Harvard Wins Sloppy Ivy Opener as McNally Leads Way

by Scott Reed
WHRB Sports
My Opinion

Cambridge, MA - At its very core, the significance of Harvard's 63-47 win over the Dartmouth Big Green at Lavietes Pavilion was that it was just that - a win. The stated goal for this team is to win their second Ivy title, and Saturday served them well in that regard, as the Crimson are now 1-0 in conference play. Yet, for much of the game Harvard's performance was a tad worrisome, before a big run - sparked by the leadership of senior co-captain Oliver McNally- turned it around.

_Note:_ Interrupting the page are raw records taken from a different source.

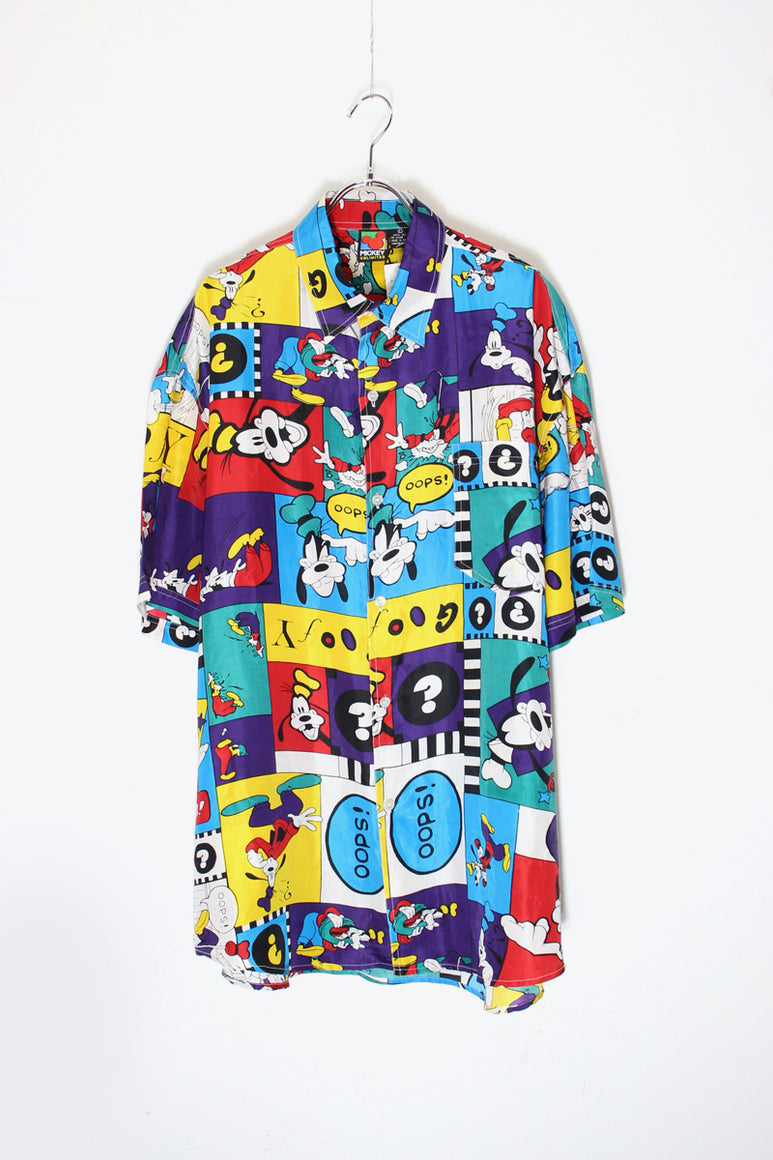 90'S S/S SILK PATTERN SHIRT / MULTI [SIZE: L USED]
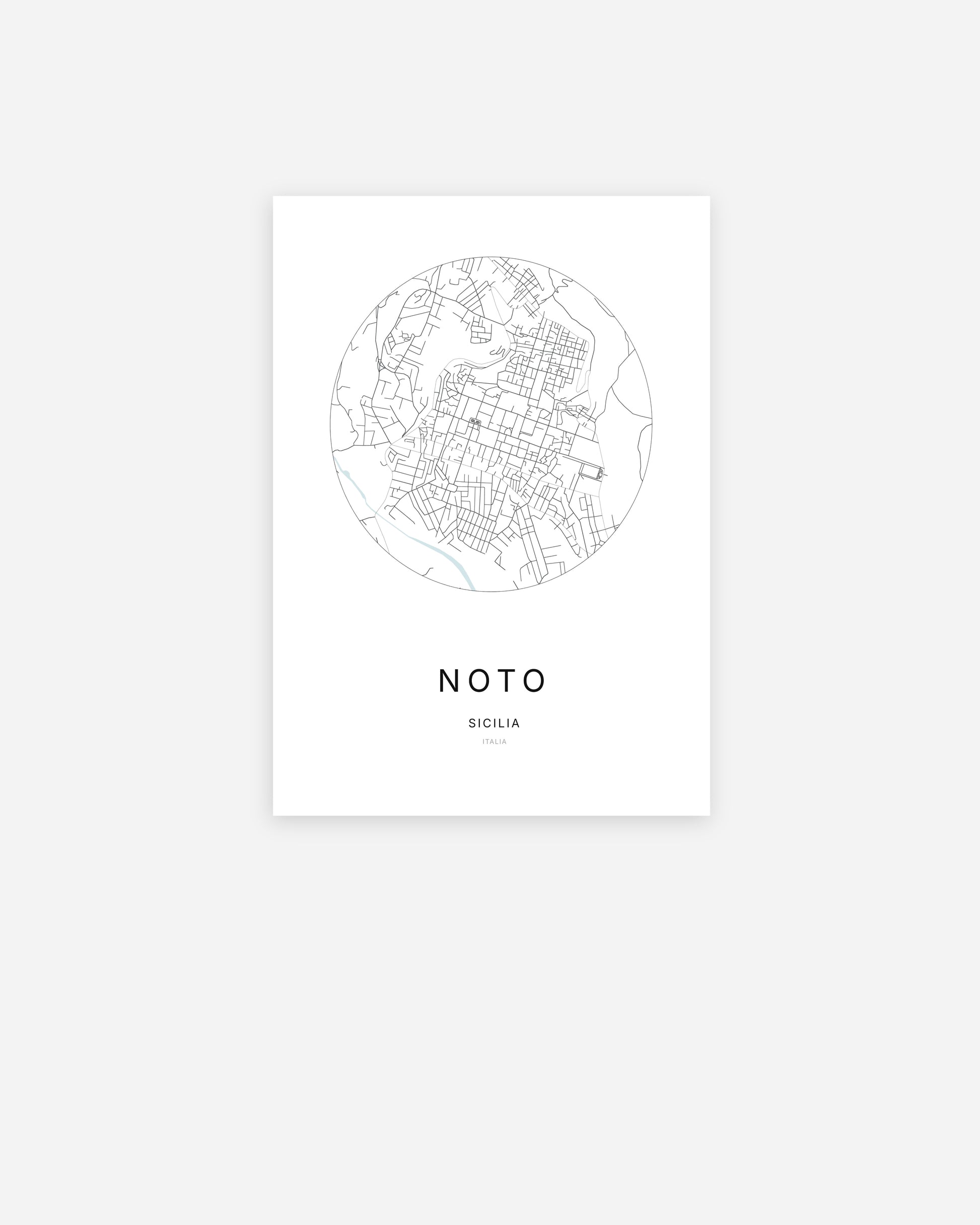 Plan de la ville de Noto au design minimaliste.
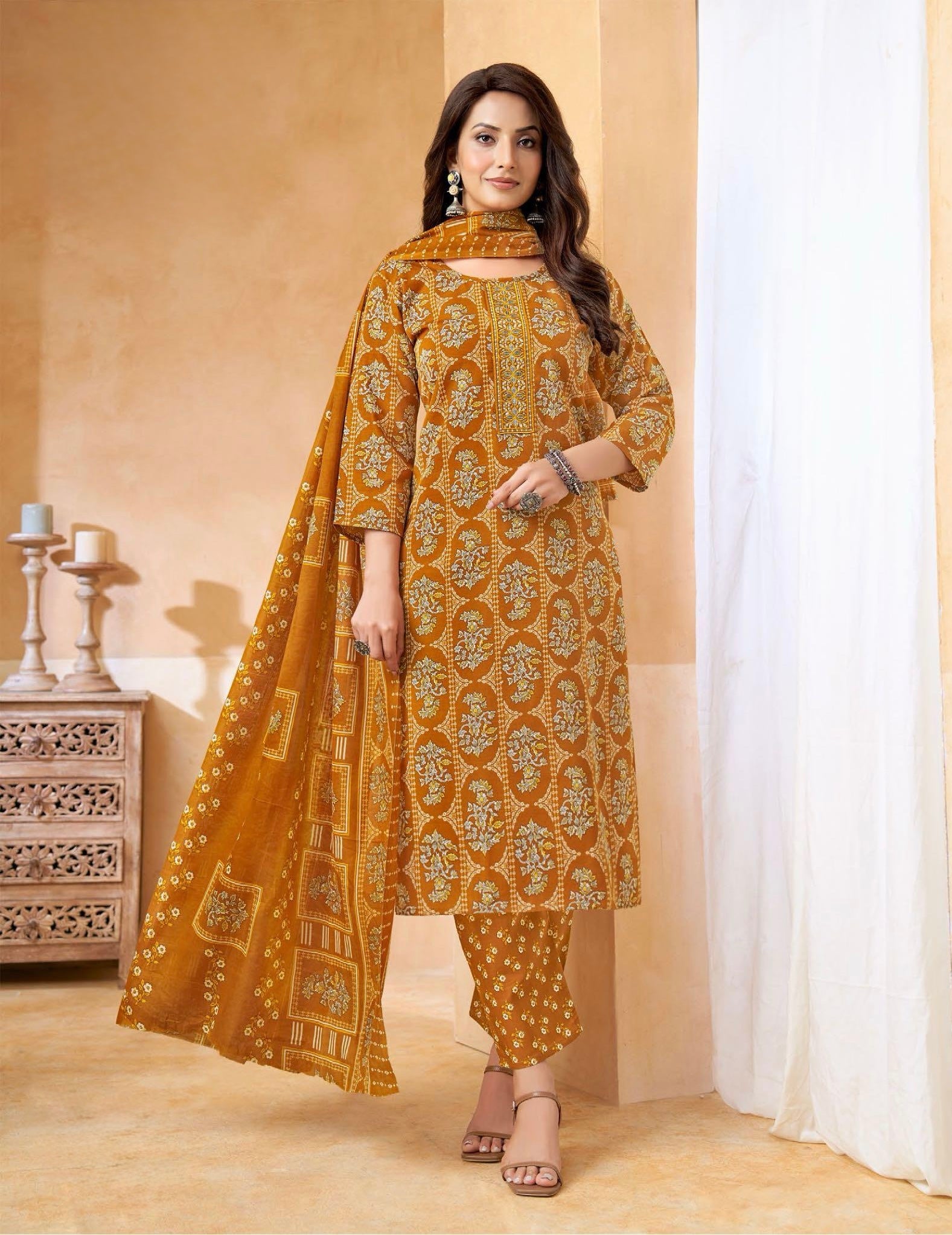 American Crepe 3-Piece Suit Set – Mustard Yellow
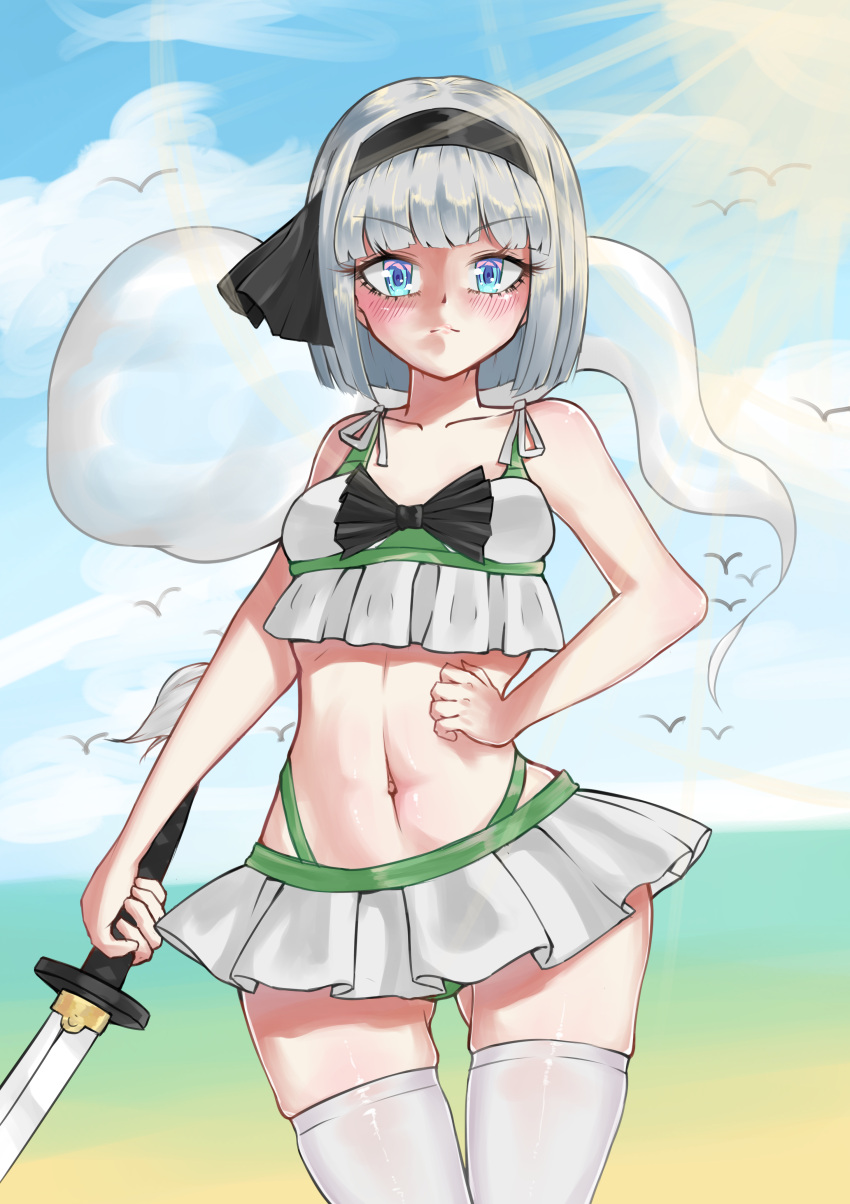 1girl absurdres ass_visible_through_thighs bangs bare_arms bare_shoulders beach bikini bikini_skirt bird black_bow blunt_bangs blush bob_cut bow breasts collarbone commentary_request day eyebrows_visible_through_hair frilled_skirt frills frown hair_bow highres holding holding_sword holding_weapon katana konpaku_youmu konpaku_youmu_(ghost) littiecy looking_at_viewer navel ocean outdoors seagull short_hair silver_hair skindentation skirt small_breasts solo stomach sunlight swimsuit sword thigh-highs thigh_gap touhou weapon white_legwear white_skirt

Unfortunately, for a while against Dartmouth it appeared that the malaise of Tuesday's loss at Fordham had not yet worn off. Although the Crimson jumped out to a 20-11 lead, they only scored three points in the final 7:11, taking a slim 23-22 lead to the locker room. Overall, those final minutes were played pretty sloppily - the Crimson tried and missed a host of three point baskets, Dartmouth ended the first half with eight offensive rebounds, mostly due to hustle.

Perhaps a bit of it could be contributed to the pressure of a conference opener. "I honestly was trying to get our kids to relax...I think that sometimes they can feel like a lot of weight is on their shoulders, especially during conference play, " Harvard head coach Tommy Amaker said of his speech at halftime

What transpired in the second half was first a continuance of the funk the Crimson seemed to have gotten caught in - Dartmouth would grab the lead, leading by six with just over fourteen minutes to play. Then, however, Harvard turned it around, on the strength of a 24-4 run over the next nine minutes, which proved to be the deciding stretch.

That stretch and the resulting good play was welcomed warmly by the Crimson faithful, like an old friend that had not been seen in ages; indeed, other than the period at the end of the second half against Saint Josephs, the Crimson hadn't gone on quite a run in some time. One knew that Harvard would go off at some point - this team is too talented not to - but it was a matter of when it would.

"That's when I thought our kids really dug in and got the stops defensively, and our pace improved," said Amaker of that run. He attributed much of the turnaround to his senior guard, Oliver McNally. The co-captain from San Francisco, who would finish with a game-high seventeen points, initiated the comeback with made baskets and intensity on the defensive end.

Afterwards, Amaker spoke glowingly of McNally: "Oliver is the spirit and leader of our team from a vocal standpoint...I thought he was outstanding [today]." Amaker also hinted that the guard was also vocal in the locker room and in the huddle, and provided praise for his leadership ability. "He's a tremendous leader, he's just wired that way. If he played a position in football, it would be quarterback....Whatever success we've had here during his time, you can contribute a lot of it to him."

The importance of a senior leader like McNally cannot be understated, especially for a team that has the highest of expectations. Things may not all go smoothly in Ivy League play - Harvard's last two games have been evidence that even a great team can play poorly and fall on a given night - and whether the team is able to bounce back from disappointment may determine whether it gets its desired championship. And although it was sloppy Saturday, the Crimson were able to respond to rough stretches and get the win - and that says something about this team and its senior guard.